### Task statement
Word for word, output the data, with none of its pictures.

### Raw data

= = =

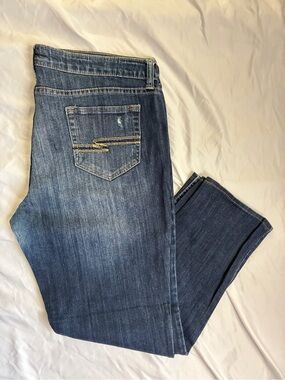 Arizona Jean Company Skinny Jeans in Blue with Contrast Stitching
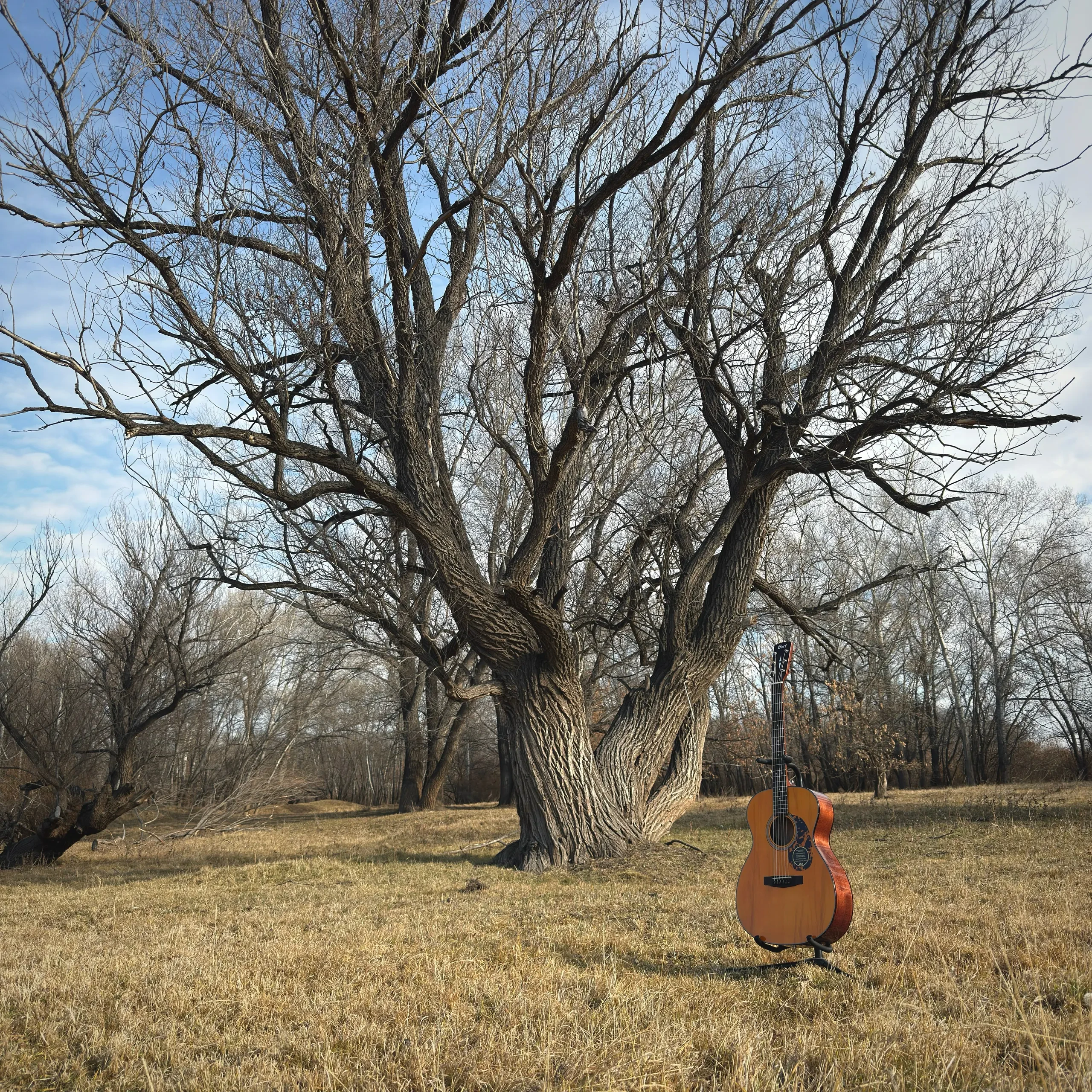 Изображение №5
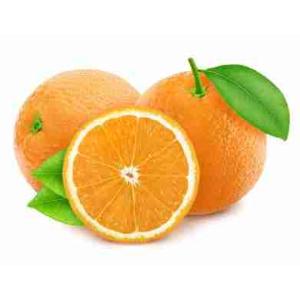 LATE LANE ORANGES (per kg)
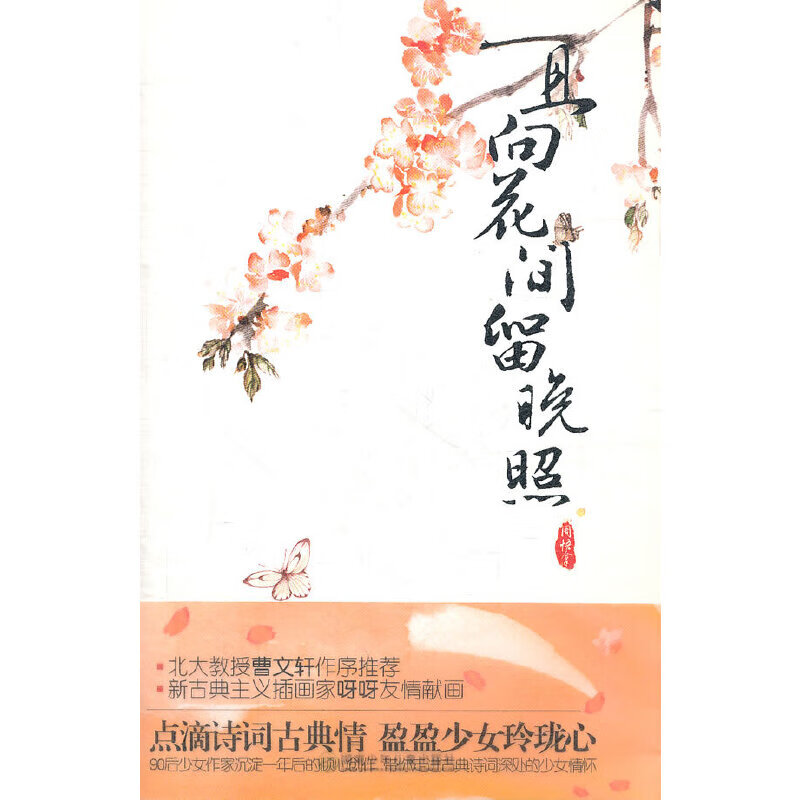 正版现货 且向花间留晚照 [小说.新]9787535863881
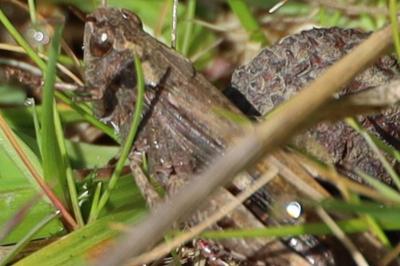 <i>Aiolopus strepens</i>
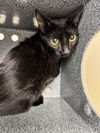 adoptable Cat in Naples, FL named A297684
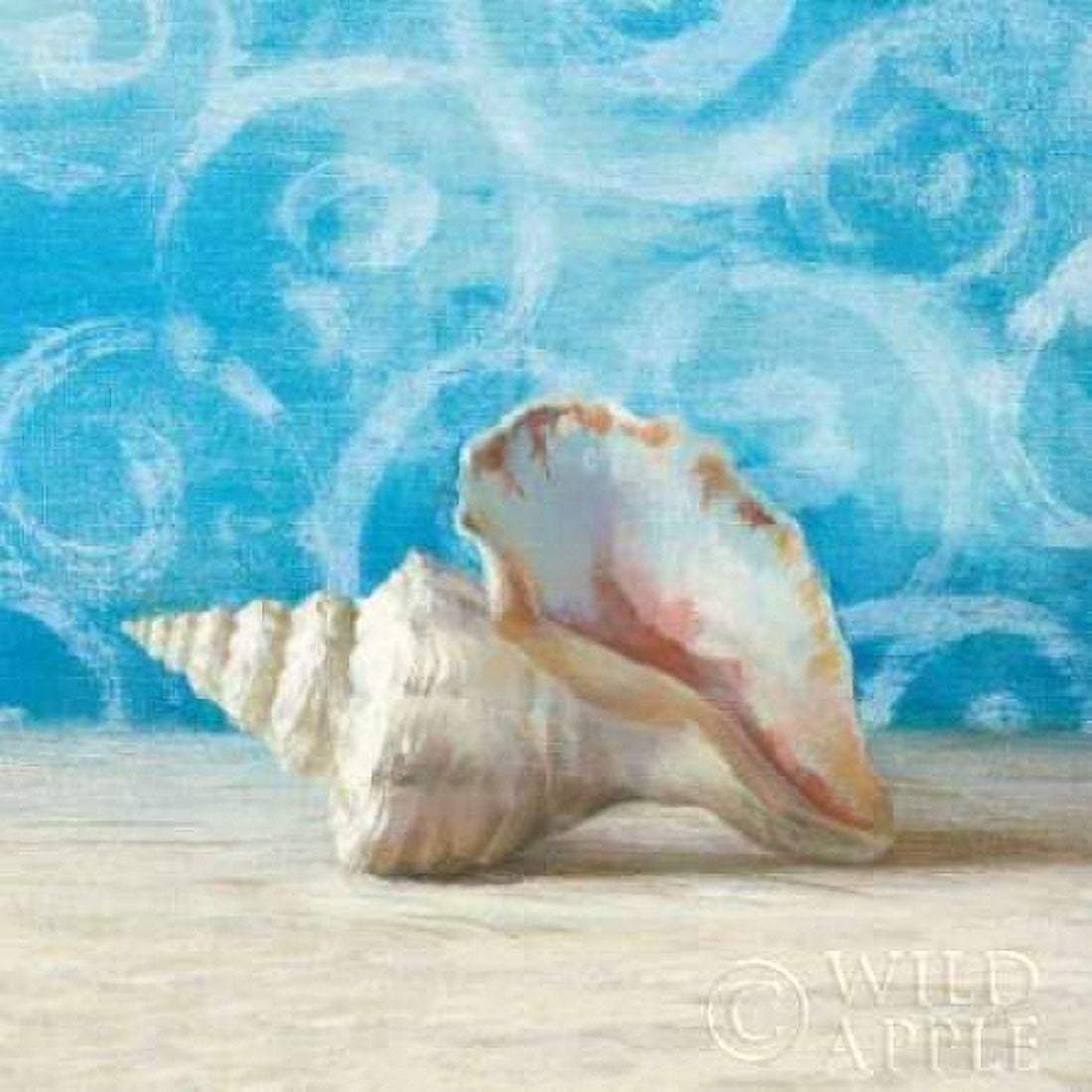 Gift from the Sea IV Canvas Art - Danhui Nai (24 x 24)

= = =

### Task answer
 Arizona Jean Company Skinny Jeans in Blue with Contrast Stitching
 Изображение №5
 LATE LANE ORANGES (per kg)
 正版现货 且向花间留晚照 [小说.新]9787535863881
 <i>Aiolopus strepens</i>
 adoptable Cat in Naples, FL named A297684
 Gift from the Sea IV Canvas Art - Danhui Nai (24 x 24)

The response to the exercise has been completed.